Production for the company increased 1.7 percent in 2007 to $2.37 billion worth of rough, including stones mined at its subsidiary, ALROSA Nyurba. Yet, its dia-mond sales for the year declined 2.6 percent from $2.8 billion to $2.79 billion.

In 2006, the company’s total sales, along with those from Africa, totaled $3.4 billion. The final figures will probably be released following the shareholder meeting in June. So far, ALROSA has reported that the sales from the Angolan mining company Catoca LTD, where ALROSA holds 32.5 percent stake, were $451.4 million, a 6 percent increase over 2006.
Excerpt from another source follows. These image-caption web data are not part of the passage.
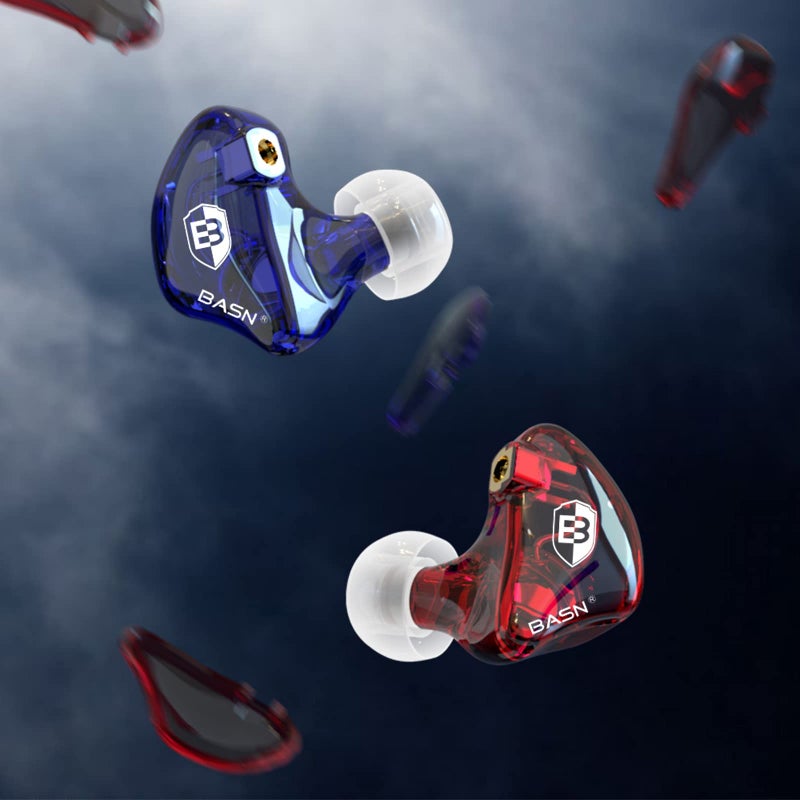 BASN in-Ear Monitor Headphones Dual Dynamic Drivers IEM Earphones Detachable MMCX Cable Musicians Earbuds (MC100 Red/Blue, with Mic) - Image 4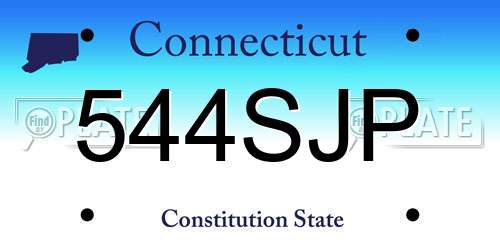 544SJP Connecticut License Plate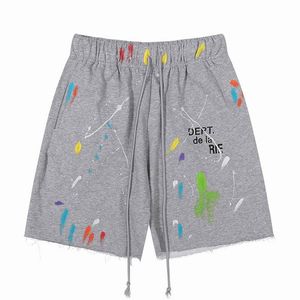 Mens Womens gallerydept shorts American Fashion Brand Hand-painted Splash Printing Pure Cotton Terry Shorts Fog High Street Loose Pants Couples Casual Pants ag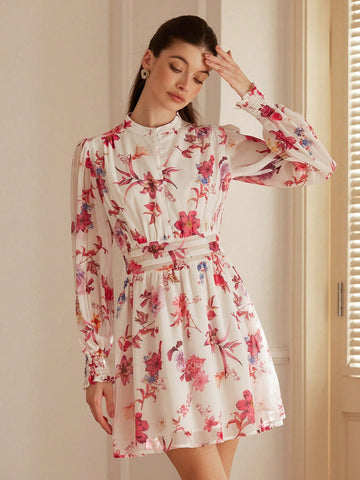 Aveloria Rosie New Gentle Stand Collar Pleated Waist A-Line Slimming Puff Sleeve Floral Print Button Front Mini Dress For Women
Kommersant has reported that ALROSA, in its continuing diversification, has paid $225 million for a license to develop four iron ore deposits in its native Yakutia. The company is expected to spend up to $10 billion on the project over time.

Appraisal: Catching Up With The World

The appraisal business is on the rise in Russia as more people buy jewelry and stones for both pleasure and as an investment. There are more than a dozen companies that have the right to issue certificates for diamonds and hundreds of small companies and individual appraisal specialists who can make a price evaluation of a stone or a piece of jewelry.
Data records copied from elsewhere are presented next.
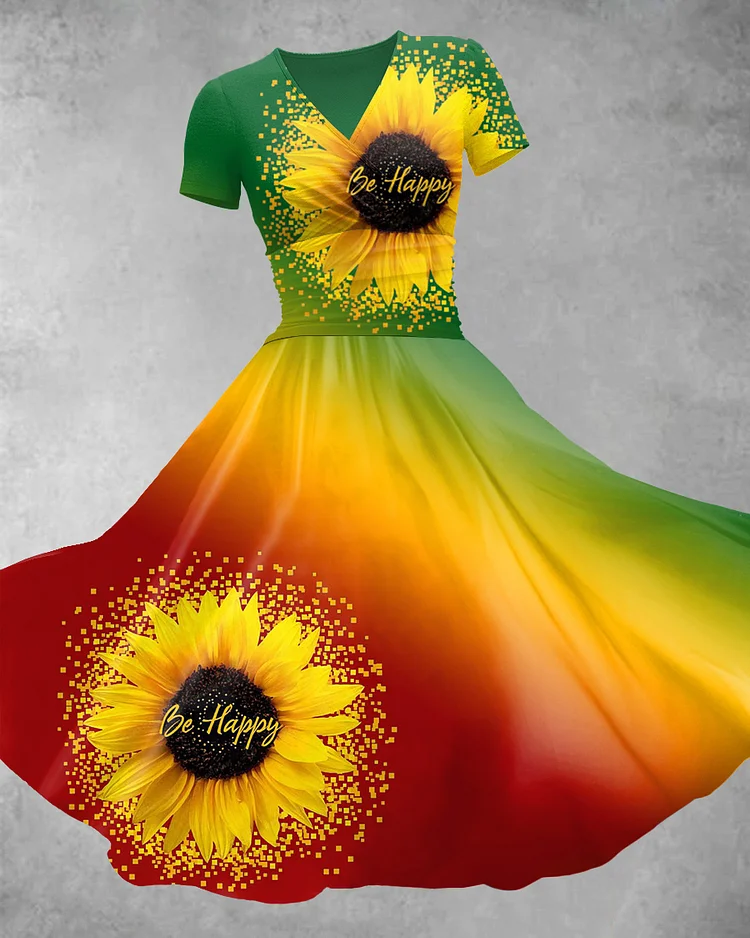 V Neck Sunflower Reggae Color Blocking Maxi Dress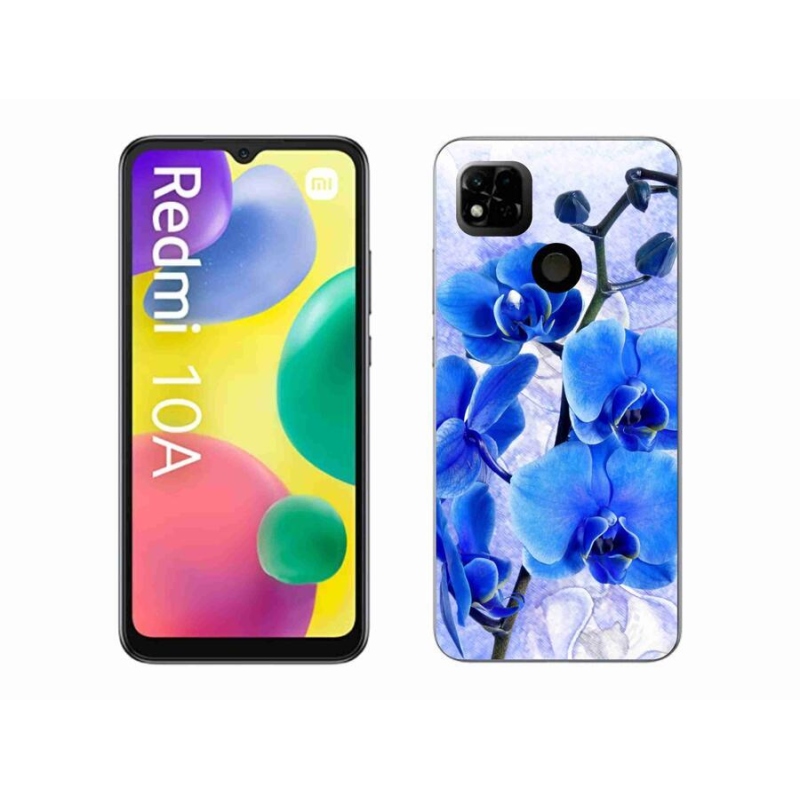 Gelový kryt mmCase na mobil Xiaomi Redmi 10A - modré květy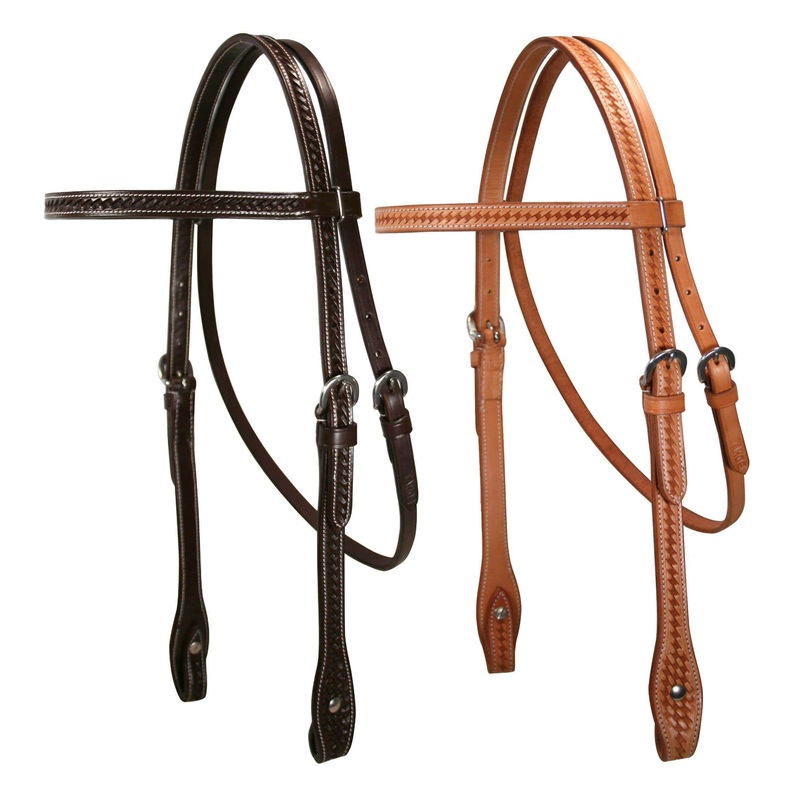 Tahoe Tack Basket Weave Browband Headstall USA Leather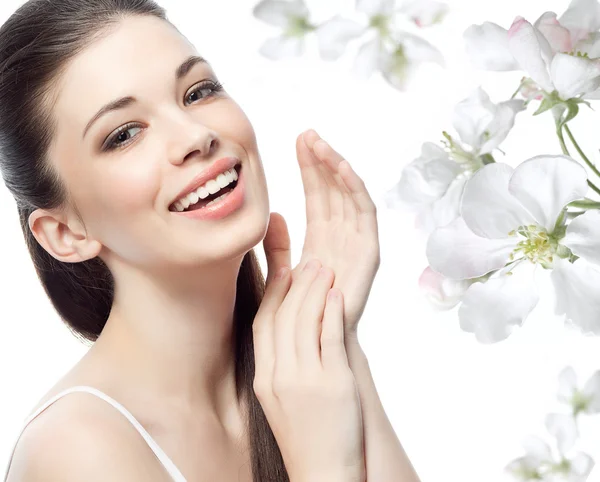 Mujer con flores — Foto de Stock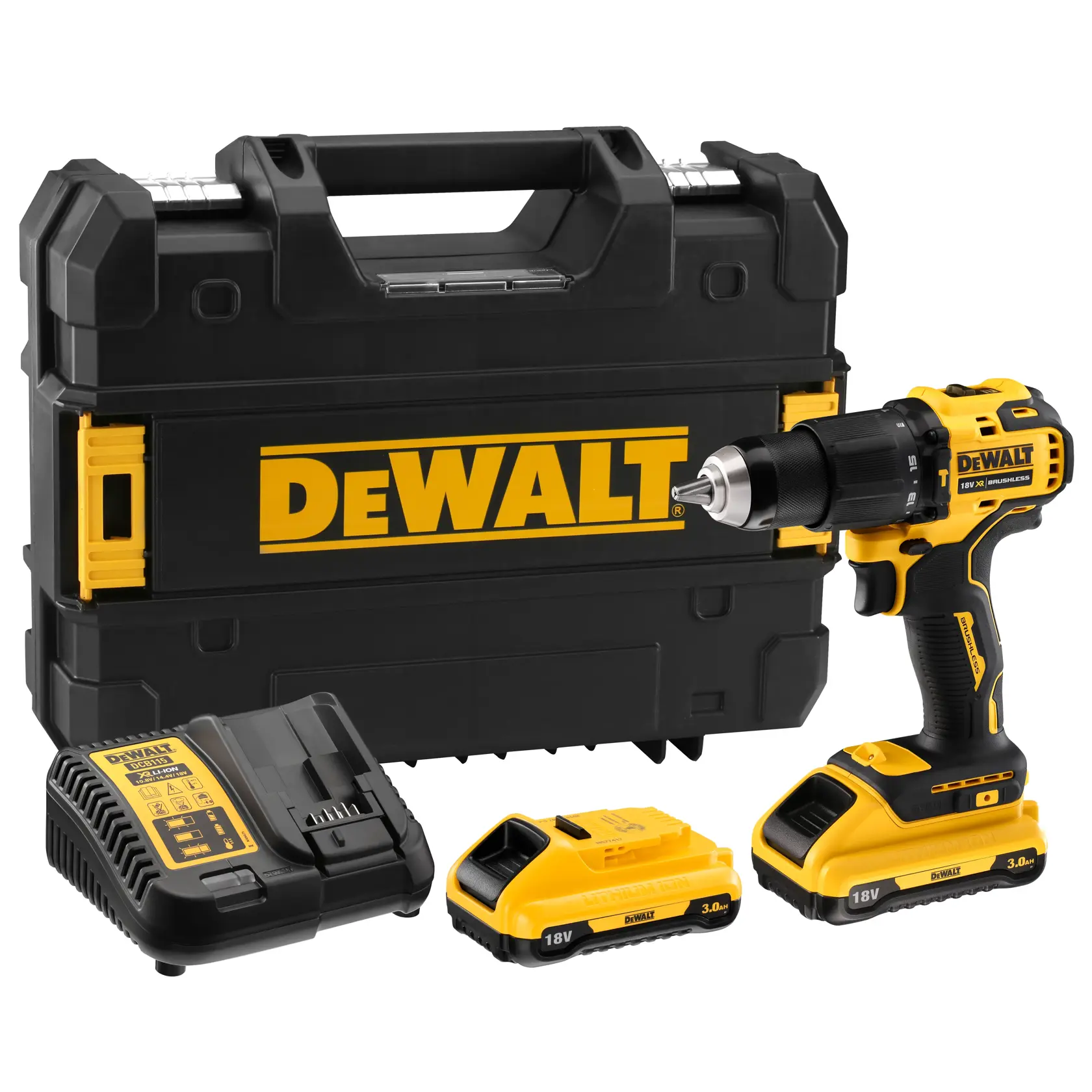 Perceuse visseuse compacte percussion XR 18v 3ah li-ion brushless - mandrin métal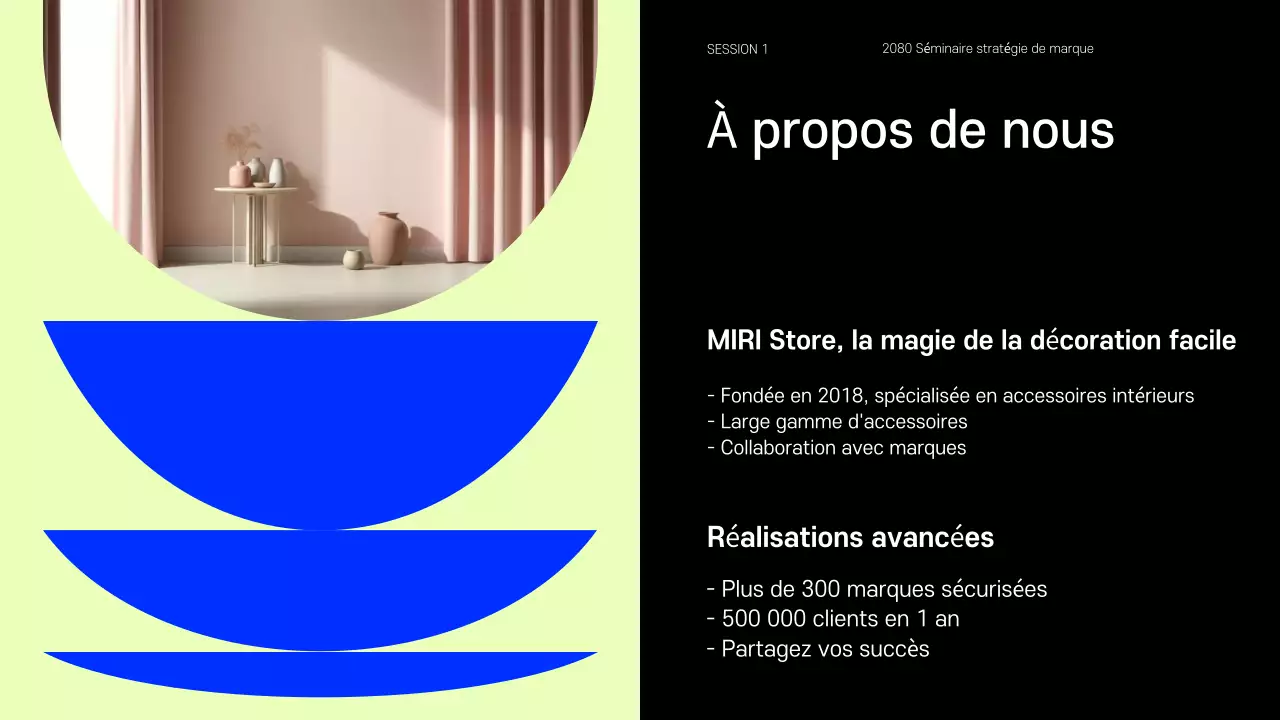 Présentation d'exemples de petites marques qui s'inspirent du bleu et de la chartreuse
“The certificates market is growing at around 30 percent a year,” said Yuri Shelementiev of Moscow State University Gemological Center. “People are getting richer and they want to invest in stones,” said Anatoly Bocharov, the director of Smolensk Gemological Center, which has issued more than 1,000 certificates since its launch in March 2007.

Most of the demand comes from companies that sell jewelry. “Companies are pressured by the consumers who want to see the certificates for the stones they are buying,” said Shelementiev. The Russian Jewellers Guild has been calling on Russian jewelers to make a certificate a requirement, and many of the big companies have responded. “People want and appreciate transparency,” said Bocharov.

Russia is using its own system of color, clarity and other characteristics in the certificates but jewelers and those who do appraisals do not see any problem with that. Most of the companies issue certificates that have both Russian and Gemological Institute of America (GIA) characteristics. There are also special tables available that correlate the two systems. Yet, Shelementiev said some difficulties arise when stones are imported into the country. as there is no one-to-one correlation between the two charts.

While the demand is growing, there is still a shortage of professionals who can do appraisal work. “Few people were trained as specialists in the 1990s, so there is a shortage of people to do this work throughout the country,” said Shelementiev.

Marketplace 
  • 4/4-grainers in SI1 and better grades are steadily increasing in price.
  • 4/4-grainers in piqué and SI qualities, 6/4-grainers in SI2 qualities and ½-
   grainers in piqué qualities are moving relatively well because of stable
   supply.
  • 3- and 5-carats and larger stones of VS qualities and better colors are 
    difficult to find.
  • Pointers of SI qualities are weak, especially 30 pointers.
  • Fancy shapes of well-made stones are strong, while poorly made stones  
    are sold at a huge discount.
  • Heart-shaped pointers are very popular.
  • Capes of 4/4-grainers and 2-caraters are weak, while 3-caraters+ are
     sustaining their prices.
  • Smaller star-size melees are expensive.